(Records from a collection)
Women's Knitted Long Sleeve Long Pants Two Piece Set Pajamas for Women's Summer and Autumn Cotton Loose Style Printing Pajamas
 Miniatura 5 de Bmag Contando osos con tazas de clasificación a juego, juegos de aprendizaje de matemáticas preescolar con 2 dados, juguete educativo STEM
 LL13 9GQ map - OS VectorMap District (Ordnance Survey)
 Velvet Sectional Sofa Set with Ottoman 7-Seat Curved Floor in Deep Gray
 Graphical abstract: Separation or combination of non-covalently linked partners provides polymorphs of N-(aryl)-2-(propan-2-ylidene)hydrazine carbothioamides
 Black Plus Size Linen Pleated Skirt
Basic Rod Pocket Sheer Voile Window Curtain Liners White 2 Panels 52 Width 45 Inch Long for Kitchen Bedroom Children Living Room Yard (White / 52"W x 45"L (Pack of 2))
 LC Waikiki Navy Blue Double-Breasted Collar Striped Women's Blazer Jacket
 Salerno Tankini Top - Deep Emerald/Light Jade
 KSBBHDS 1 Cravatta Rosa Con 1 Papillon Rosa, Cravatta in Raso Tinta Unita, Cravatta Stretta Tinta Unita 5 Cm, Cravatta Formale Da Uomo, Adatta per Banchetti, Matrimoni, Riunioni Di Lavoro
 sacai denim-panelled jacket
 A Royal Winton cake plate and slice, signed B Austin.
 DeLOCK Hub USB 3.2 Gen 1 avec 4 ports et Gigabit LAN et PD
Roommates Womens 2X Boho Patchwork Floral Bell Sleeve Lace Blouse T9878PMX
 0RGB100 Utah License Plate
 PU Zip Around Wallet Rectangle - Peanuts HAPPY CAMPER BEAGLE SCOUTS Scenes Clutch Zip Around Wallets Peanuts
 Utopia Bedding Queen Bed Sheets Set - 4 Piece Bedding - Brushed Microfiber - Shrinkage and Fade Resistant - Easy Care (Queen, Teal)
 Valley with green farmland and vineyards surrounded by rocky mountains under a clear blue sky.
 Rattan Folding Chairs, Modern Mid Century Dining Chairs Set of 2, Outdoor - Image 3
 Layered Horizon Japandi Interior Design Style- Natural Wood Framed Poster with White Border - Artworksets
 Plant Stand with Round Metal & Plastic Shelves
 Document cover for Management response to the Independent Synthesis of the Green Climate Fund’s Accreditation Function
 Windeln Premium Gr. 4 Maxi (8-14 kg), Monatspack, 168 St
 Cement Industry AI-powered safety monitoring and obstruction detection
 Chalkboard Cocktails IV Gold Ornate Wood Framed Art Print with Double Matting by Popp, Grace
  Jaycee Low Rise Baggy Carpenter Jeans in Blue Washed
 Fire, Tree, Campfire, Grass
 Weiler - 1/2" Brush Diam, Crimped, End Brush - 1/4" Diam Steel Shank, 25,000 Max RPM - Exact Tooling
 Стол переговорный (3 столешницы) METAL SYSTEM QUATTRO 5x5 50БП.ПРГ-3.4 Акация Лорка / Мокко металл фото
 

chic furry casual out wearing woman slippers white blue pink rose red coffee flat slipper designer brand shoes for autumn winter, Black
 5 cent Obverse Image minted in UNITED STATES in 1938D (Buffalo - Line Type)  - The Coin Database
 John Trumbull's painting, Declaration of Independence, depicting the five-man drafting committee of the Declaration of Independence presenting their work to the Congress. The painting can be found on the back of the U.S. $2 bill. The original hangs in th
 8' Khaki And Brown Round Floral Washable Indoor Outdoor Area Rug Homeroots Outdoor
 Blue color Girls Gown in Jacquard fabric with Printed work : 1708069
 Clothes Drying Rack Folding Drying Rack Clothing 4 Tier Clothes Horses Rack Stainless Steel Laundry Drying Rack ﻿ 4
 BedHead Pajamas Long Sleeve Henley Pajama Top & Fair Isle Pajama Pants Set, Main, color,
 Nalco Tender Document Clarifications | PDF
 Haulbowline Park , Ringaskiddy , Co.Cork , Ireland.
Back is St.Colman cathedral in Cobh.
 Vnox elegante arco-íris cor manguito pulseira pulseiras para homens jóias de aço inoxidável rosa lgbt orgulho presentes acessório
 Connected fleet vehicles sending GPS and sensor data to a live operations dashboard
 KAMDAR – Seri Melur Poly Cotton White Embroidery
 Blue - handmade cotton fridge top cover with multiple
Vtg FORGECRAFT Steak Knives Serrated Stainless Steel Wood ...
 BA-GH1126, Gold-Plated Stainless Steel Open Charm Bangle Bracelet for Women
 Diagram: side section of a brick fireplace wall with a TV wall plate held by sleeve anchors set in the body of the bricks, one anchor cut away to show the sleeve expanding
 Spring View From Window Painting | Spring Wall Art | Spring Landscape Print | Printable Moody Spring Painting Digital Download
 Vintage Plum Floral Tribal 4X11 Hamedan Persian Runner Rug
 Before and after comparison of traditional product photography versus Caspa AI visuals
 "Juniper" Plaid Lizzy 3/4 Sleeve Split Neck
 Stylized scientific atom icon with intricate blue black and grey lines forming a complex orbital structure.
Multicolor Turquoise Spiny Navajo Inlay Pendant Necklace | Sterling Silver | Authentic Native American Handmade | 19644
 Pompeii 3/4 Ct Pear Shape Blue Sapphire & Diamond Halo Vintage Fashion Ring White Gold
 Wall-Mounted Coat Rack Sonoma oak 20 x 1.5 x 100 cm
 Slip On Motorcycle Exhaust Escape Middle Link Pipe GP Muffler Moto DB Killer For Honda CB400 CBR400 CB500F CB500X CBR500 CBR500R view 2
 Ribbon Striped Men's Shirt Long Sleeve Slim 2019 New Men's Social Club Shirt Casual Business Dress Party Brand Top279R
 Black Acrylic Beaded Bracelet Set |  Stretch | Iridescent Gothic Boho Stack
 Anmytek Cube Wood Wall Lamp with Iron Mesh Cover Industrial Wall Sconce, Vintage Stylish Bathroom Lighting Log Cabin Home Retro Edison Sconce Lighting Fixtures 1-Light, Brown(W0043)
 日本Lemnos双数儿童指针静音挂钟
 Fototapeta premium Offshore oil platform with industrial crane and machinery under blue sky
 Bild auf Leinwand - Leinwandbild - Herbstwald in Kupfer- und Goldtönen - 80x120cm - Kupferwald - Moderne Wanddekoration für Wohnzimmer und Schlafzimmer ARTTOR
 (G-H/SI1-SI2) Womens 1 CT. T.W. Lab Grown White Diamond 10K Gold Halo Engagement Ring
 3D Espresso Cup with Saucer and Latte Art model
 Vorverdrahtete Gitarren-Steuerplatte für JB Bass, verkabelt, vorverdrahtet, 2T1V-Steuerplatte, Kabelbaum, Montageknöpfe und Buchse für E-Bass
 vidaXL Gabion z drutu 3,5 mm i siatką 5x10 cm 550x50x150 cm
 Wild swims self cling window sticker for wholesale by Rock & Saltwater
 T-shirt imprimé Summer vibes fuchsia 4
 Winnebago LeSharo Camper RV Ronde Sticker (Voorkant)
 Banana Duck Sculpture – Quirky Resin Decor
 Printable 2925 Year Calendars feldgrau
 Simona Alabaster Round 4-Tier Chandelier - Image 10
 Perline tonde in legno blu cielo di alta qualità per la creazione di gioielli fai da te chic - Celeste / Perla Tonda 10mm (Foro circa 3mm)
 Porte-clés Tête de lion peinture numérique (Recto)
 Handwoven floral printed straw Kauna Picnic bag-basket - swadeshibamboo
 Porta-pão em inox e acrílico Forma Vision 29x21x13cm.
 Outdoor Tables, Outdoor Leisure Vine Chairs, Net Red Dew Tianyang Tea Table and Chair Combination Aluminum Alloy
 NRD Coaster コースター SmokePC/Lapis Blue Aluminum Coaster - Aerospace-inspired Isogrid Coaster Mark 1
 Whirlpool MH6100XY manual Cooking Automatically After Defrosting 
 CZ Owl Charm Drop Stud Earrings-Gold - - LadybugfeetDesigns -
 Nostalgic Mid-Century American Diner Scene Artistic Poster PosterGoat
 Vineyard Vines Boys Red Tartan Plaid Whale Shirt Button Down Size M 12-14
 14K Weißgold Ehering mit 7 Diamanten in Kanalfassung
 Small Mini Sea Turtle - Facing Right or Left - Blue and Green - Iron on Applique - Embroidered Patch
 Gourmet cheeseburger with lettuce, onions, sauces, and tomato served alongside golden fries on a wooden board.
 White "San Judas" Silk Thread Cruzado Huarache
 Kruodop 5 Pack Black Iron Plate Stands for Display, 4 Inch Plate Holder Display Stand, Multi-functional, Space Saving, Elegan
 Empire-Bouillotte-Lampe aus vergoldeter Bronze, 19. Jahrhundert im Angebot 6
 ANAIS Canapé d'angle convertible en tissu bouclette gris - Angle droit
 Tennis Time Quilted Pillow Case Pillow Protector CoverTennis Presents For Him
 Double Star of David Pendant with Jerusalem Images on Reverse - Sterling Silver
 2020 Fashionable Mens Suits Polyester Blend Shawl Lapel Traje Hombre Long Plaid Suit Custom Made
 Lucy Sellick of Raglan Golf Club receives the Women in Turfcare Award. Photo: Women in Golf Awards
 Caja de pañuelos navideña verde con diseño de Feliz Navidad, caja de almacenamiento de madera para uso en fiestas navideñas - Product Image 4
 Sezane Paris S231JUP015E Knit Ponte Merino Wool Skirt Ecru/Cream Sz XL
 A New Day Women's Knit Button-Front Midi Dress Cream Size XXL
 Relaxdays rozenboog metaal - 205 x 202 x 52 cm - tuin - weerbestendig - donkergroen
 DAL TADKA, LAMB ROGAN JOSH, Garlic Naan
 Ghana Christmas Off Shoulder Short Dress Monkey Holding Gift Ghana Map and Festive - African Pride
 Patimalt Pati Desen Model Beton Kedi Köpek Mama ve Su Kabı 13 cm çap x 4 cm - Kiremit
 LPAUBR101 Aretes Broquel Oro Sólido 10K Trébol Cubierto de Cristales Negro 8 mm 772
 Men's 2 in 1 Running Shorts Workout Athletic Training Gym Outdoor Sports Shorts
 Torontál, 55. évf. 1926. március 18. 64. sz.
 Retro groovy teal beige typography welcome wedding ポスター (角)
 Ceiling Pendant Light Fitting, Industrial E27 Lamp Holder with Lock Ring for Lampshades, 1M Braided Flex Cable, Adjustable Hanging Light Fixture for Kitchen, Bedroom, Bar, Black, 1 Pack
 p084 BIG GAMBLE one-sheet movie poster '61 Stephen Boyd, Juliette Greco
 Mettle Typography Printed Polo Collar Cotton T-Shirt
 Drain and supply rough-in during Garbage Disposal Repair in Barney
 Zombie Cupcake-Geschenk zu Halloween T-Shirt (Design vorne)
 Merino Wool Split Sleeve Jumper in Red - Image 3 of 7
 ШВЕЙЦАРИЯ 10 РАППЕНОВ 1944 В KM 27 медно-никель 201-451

:: ABOUT THIS EXERCISE ::
All lines of the data that hold "Piece" need to be copied.

:: RESPONSE TO THIS TASK ::
Women's Knitted Long Sleeve Long Pants Two Piece Set Pajamas for Women's Summer and Autumn Cotton Loose Style Printing Pajamas
 Utopia Bedding Queen Bed Sheets Set - 4 Piece Bedding - Brushed Microfiber - Shrinkage and Fade Resistant - Easy Care (Queen, Teal)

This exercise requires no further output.